They met Fitz Lee, who was part of Stuart's sabers, and almost cut him to pieces, but they couldn't finish it because the rebel pickets were too close and by then the alarm had been spread. It was a good day and he had thought: This won't be so bad.
Then Chancellorsville. The third night it had been raining hard, but it stopped a matter of minutes after their patrol came in. The rebel artillery started up shortly after this. Whitworths pouring it down from the thicketed heights.
His sergeant had appeared to him in the darkness, in the cold miserable darkness, showing the whites of his eyes with his body tensed stiffly.
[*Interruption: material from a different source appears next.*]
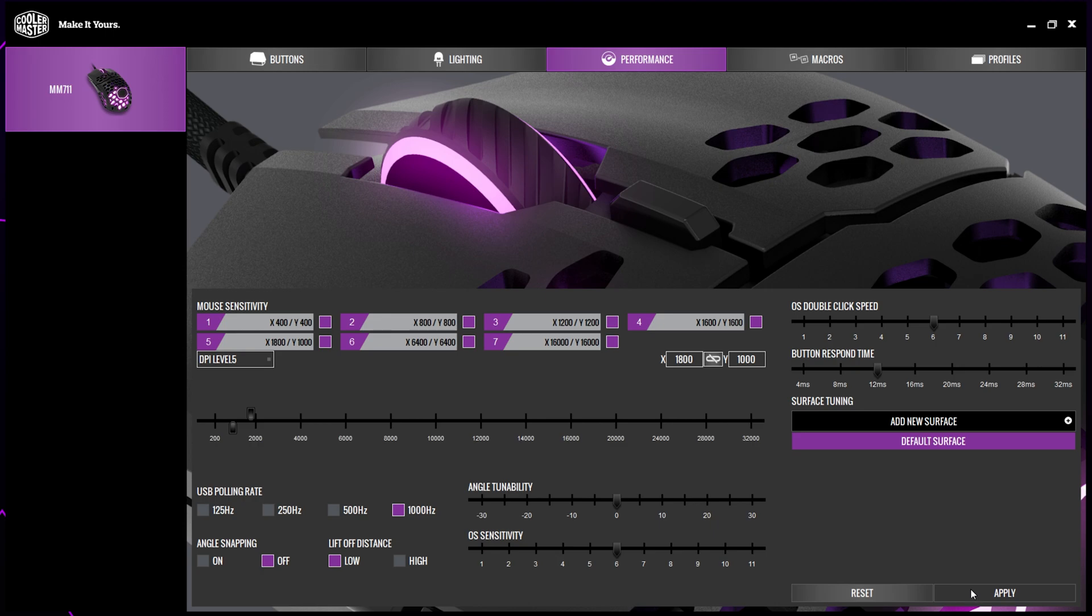Apply to save your settings. The DPI on your Cooler Master MM710 or MM711 will now be changed.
"My God, I saw him do it!"
"What?"
"With his own pistol."
"What-damn it!"
The sergeant led him back into a pine stand. Deneen was sitting beneath thick, dripping branches, huddled close to the tree trunk. His pistol was in his hand. And the toe of his right boot was missing-where he had shot it away.
They carried him to the rear and said shrapnel to the orderly who was filling out the tag which was attached to Deneen's tunic. The remainder of the night Flynn did not smile because he was muscle-tight in the mud as A. P. Hill's Whitworths continued to slam down from Hazel Grove.
In the morning he found the sergeant dead; killed in the shelling. And he realized he was the only one who knew about Deneen.
After that he smiled when he felt like smiling.
In the army it wasn't necessary. Most of the time it helped, but it wasn't necessary. He had seen men do more than just smile to wangle a post assignment back East. He had accepted this, regarding it as something contemptible, but still, none of his business. He had accepted this and all of the unmilitary facets of army life because there was nothing he could do about them. The politics could go their smiling, boot-licking way.